Overall, the Romney Family Table turned out to be a bit of a bust in terms of livening up my Thanksgiving holiday this year. The problem is that there’s little in it I didn’t already have in my own family cookbook. I grew up in Utah (non-Mormon), so the Romneys are my people, from a culinary standpoint. I already have Jell-O salad in the rotation (ours is cranberry and is served on a wedge of iceberg lettuce with a dollop of mayo on top.) Much of Ann Romney’s repertoire would be right at home in the Junior League of Ogden cookbook, a project for which I was forced to serve as an unwitting taste-tester as a child. Ann’s canned-ingredient heavy chili recipe is almost identical to the one my entire family has been cooking for the last 30 years.

The Romney Family Table hails from the tradition of community cookbooks that women have been cobbling together for centuries as a way of handing down family recipes or, as with the Junior League, for community fundraising efforts. (Indeed, the proceeds from Ann’s book will go to charity.) They’re always a product of their times and rarely about high-concept cooking. I found one in my late mother-in-law’s collection a few years ago, from Schenectady, New York, circa 1974. Like some of Ann’s, every cake recipe in the book called for Duncan Hines cake mix as the first ingredient, all the vegetables were frozen, and Cheez Whiz was a common theme. As a cookbook, it was mostly useless, but as an artifact of another time, when parents played bridge, drank cocktails and fed children Cheez Whiz, it was priceless.

Like the best of community or family cookbooks, the Romney Family Table is full of this sort of nostalgia-inducing food that is made not because it’s fabulous but because it invokes warm, childhood memories and inside family jokes. Family cookbooks are utterly endearing—to your own family—but mostly embarrassing when shown to anyone else. That’s true for the Romney cookbook. They published this foodie-offending fare for larger consumption, and people buying the New York Times bestseller are likely to be disappointed if they’re looking for a food revelation.

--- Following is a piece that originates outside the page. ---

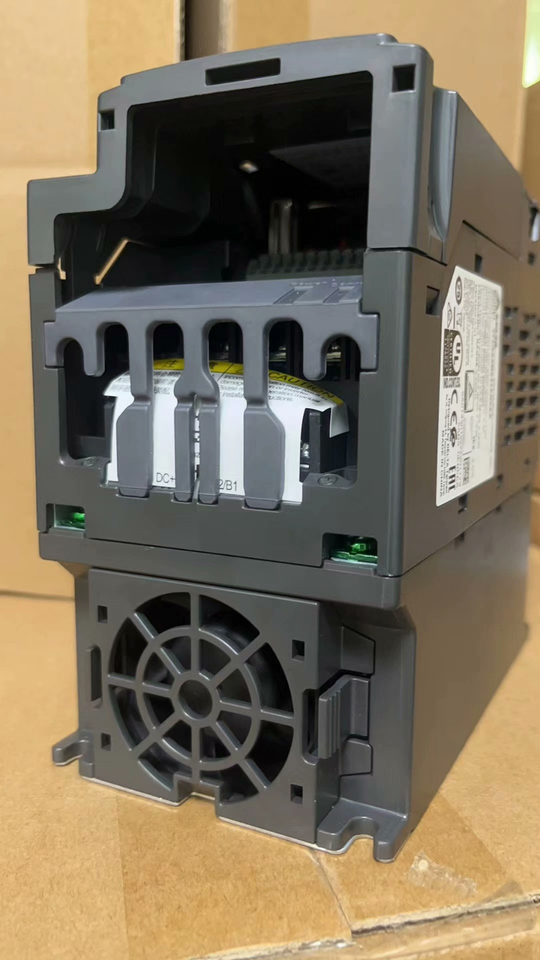 new One Delta VFD45AMS43ANSAA Inverter ping - DELTA
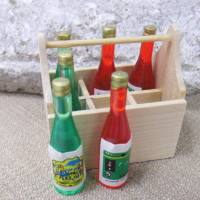 Holztrage mit 6 Flaschen Tragekorb für Flaschen -  Wichteldorf - Feengarten  - Basteldekoration -  Modellbau - Puppenhau Bild 3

What readers will find, though, is a fairly interesting window into life of the would-be first family. The cooking in it might be low-brow, but the book offers more support for New York magazine writer Dan Amira’s contention that the Romneys are “objectively, America’s best family.”

There are so many kids! And they all look so happy! In the Romney Family Table, Ann describes a typical Christmas Eve in which some of the 23 Romney grandchildren put on an entire Christmas pageant at home. Photos show the whole gang dressed in bathrobes as shepherds and wise men. The dog (not Seamus) is covered in cotton balls to play the lamb. There are other photos of both George and Mitt Romney hanging out with grandchildren and working an old-fashioned, hand-cranked ice cream maker. The cookbook pages are graced with images of Romney family talent shows, with babies lined up on a makeshift stage next to upturned pots, wooden spoon/drumsticks in hand. It all looks so creative and fun and incredibly organized and happy.

Ann acknowledges in the book that her family life has not always been as blissful as it looks in the cookbook. She describes some real misery in raising five boys mostly by herself, with little but supportive platitudes from Mitt. And she admits that all the kids fight and that some of them can’t hang with Mitt’s Christmas Eve reading of A Christmas Carol excerpts. But even so, Ann’s rendering of Romney family deserves a spot on the holiday coffee table if only to spur us all on to be better families, if not better cooks.